And you’ve still got it, of course.
Still got it, yes.
What would it be worth now?
Well, more than 50p. But they are still remarkably reasonably priced. That was very exciting.
What was the urge to collect, do you think? Was it to possess?
I just found it very exciting to have these tangible objects. I found them so potent. I think at the beginning it was just the idea of the stories that sartorial objects could tell you about the time in which they were created, the circumstances in which they might have been worn. If you look at a 1912 Poiret or a 1903 Worth or a 1926 Chanel, you understand so much of what was happening at the time. I enjoyed it for that, although I wanted to hold on to those memories in a way. I think that is probably what stirred me in the beginning, combined with how excited and energized I had been by going to these costume museums around the country.
‘I was going to the Cha-Cha Club and meeting Leigh Bowery and Trojan. Leigh called me Miss Beaton funnily enough – he didn’t miss a trick.’
Were you a difficult child?
Not, not difficult, but very single-minded. I realize now that it is quite an unusual gift to be so uniquely focused on what interests you at such an early age.
Obsessed, as you said.
I could use that word, too. I think my parents saw that, too, and encouraged it. I look back at my 12-year-old self and I was interested in exactly the same things as I am interested in now. For my parents, it was just what life was at the time, but now I look back and it was unusual.
How did your peers treat you?
I kept that side of my life quite private to a certain extent. I mean, the girlfriends I had grown up with, they were excited by it. They got corralled into acting in the plays that I had written, primarily to showcase costumes. But when I started going to secondary school and realized that a lot of the things I was interested in were outside the usual remit of a 13-year-old British schoolboy, I kept it to myself.
You didn’t like secondary school?
Yes and no. I went to two secondary schools, a grammar school in Canterbury and then another school for sixth form when we moved back to London. I enjoyed the first one because I was passionate about English and history and art, and I had great inspiring teachers, and I was very into it. I had a fairly robust network of friends. I was becoming more and more interested in fashion, which I think came from seeing copies of British Vogue. I was excited by the world evoked, particularly in the more narrative stories that I now recognize were largely corralled into place by Grace Coddington, working with photographers like Helmut Newton and David Bailey. I think I was 10 when the first Vogue really spoke to me: it was a Bailey cover of Anjelica Huston and Manolo Blahnik caught in a not-entirely convincing – in retrospect – embrace on a beach in the south of France, and there was this whole narrative of a triangular relationship. Not that I would have been aware of that. I know that Anjelica was wearing a Bruce Oldfield jersey dress on the cover. He must have just graduated from Saint Martins at that point.

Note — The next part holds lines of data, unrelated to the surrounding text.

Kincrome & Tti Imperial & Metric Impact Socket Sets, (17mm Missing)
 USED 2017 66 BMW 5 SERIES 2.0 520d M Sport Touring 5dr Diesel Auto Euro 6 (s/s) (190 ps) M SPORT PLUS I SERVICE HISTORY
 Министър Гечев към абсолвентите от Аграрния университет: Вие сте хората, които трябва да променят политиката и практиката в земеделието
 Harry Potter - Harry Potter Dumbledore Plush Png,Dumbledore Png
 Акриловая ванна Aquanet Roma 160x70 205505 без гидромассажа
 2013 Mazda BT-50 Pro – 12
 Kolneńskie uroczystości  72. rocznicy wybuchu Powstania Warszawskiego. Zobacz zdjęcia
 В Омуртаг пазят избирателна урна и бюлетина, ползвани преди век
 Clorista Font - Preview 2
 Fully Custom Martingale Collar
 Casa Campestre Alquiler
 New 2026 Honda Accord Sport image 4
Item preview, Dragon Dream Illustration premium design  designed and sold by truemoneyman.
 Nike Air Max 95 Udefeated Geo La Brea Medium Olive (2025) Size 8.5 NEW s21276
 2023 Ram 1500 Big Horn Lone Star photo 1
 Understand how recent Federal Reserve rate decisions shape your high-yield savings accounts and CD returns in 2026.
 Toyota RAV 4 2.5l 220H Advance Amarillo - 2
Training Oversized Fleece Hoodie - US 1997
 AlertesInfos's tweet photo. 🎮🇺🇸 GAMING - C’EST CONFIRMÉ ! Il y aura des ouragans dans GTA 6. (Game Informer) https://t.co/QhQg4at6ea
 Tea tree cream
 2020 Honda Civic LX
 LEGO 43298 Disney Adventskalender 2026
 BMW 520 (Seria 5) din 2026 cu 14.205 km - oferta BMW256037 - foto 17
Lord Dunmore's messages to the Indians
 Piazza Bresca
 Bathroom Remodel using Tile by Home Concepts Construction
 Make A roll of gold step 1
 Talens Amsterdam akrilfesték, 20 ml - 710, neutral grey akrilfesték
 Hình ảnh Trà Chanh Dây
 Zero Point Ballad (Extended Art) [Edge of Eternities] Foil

My mum was teaching catering before she did photography. She took out a lot of Vogues from the library and she would bring them home, and that really fuelled my interest. But no, it started even earlier than that, because there was a shop called Chic of Hampstead in Hampstead, and Mum would go there and window-shop and I would do the same. It had very nice sales ladies and I think they were surprised by this little boy who wanted to know so much, and they would pull things out and explain who the designer was. And that is how I partly began to know about Jean Muir and John Bates and Zandra Rhodes, Thea Porter, those kinds of people. Then I got a book – I don’t know how – that was a compendium of London fashion stores, like an A-Z, and basically I went through it and set off to visit all of them. There was a store in Notting Hill run by Shirley Russell where she sold clothes she’d bought for the extras in The Boyfriend, directed by her husband Ken Russell. Through this funny tome I discovered all these shops. I caught buses all over London, from Portobello to South Molton Street, and ticked them all off. So that book would be a Rosebud.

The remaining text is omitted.